Yes, I have no doubt that the Russian military’s reputation was overblown. They had huge logistics failures. Morale was not the highest for this operation. But, those defeats will serve to help unify the people of Russia against what they will see as NATO’s attempt to destroy their Mother Russia. The Ukraine, and her NATO allies have not had to face the full might of the Russian military yet. And if by some chance Ukraine and her allies do manage to stand up to, and even defeat the Russian military – then what? Will Russia just meekly surrender, or will they resort to their last, desperate option? It seems to me that our illustrious leaders may not have thought this situation and its possible consequences through very well. That we are simply plunging ahead without any consideration for an exit strategy, no thought of a negotiated peace. We seem to have only one goal, one objective, and that is the total defeat of Russia.

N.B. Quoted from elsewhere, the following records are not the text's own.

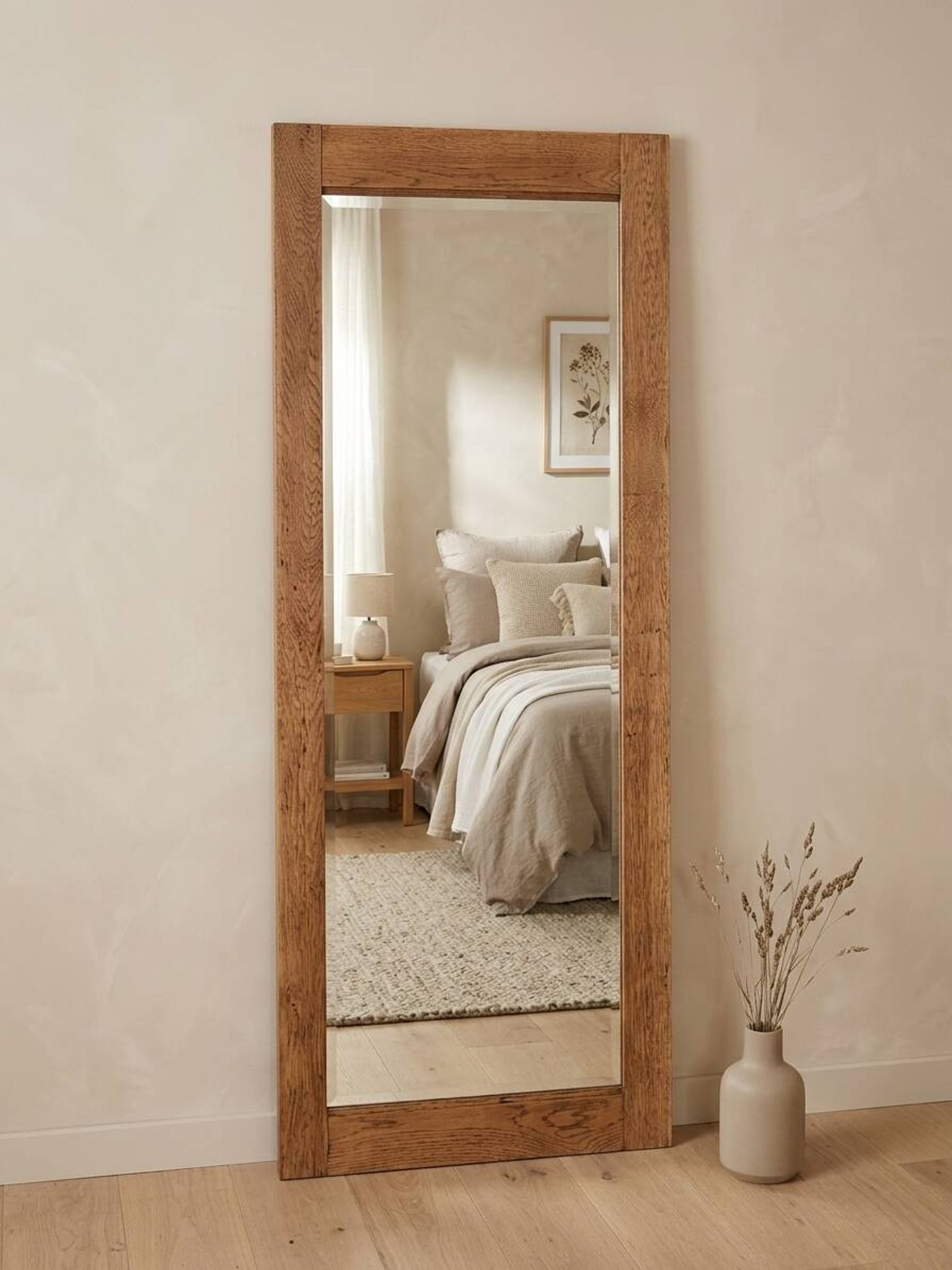 Miroir en pied en chêne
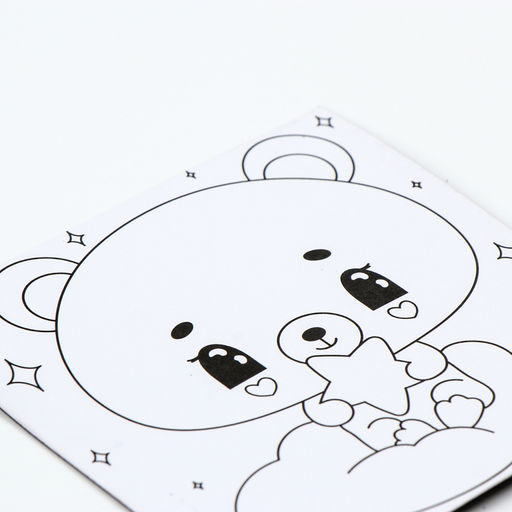 Цена за 2 шт. Магнит-раскраска «Мишка», 10 х 10 см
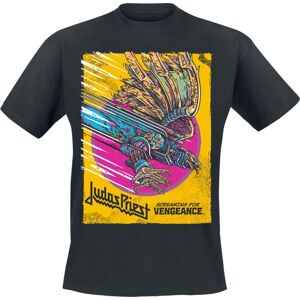 Judas Priest SFV Comic Cover Tričko černá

In war, things get blown up. Things get destroyed. That’s kind of a foregone conclusion, but this conflict has seen some new and different wrinkles. The first real sign of this change was the apparent sabotage of the Nord Stream pipelines. Although the pipeline is of Russian origin, it is both privately owned, and critical infrastructure for European countries. The attack was well coordinated, precise and on a scale that ruled out some angry Greenpeacer’s on a fishing trawler. The depth that the attack was carried out at, the targeting ability, and the required munitions reeked of state-sponsored action from the start. Who? Who knows. Although there was an investigation carried out by Swedish and Danish authorities, they have not released their findings due to national security? Russia was not allowed to participate in the investigation. Then there was an attack on the Kerch bridge, the main bridge connecting Russia with Crimea. Another attack on critical infrastructure.

During the early stages of the war, it almost seemed that the Russians were trying not to completely destroy the critical infrastructure of Ukraine. That they only wanted to inflict enough pain on the country to allow them to achieve their stated goals – the repatriation of the Donbas region. All of that seemed to change following these attacks, and their poor showing on the battlefield. Russia has since instituted a program of massive destruction of any and all Ukrainian infrastructure, leaving huge swathes of the country without power, water, or heat, facing months of winter. On top of everything else, we now have a huge humanitarian crisis facing us as the civilian population struggles to survive.

At this time, it appears that the ground is finally frozen, and that Russia is gearing up for another major offensive in the new year. Only time will tell what the outcome will be, but none of the possible options seem very encouraging.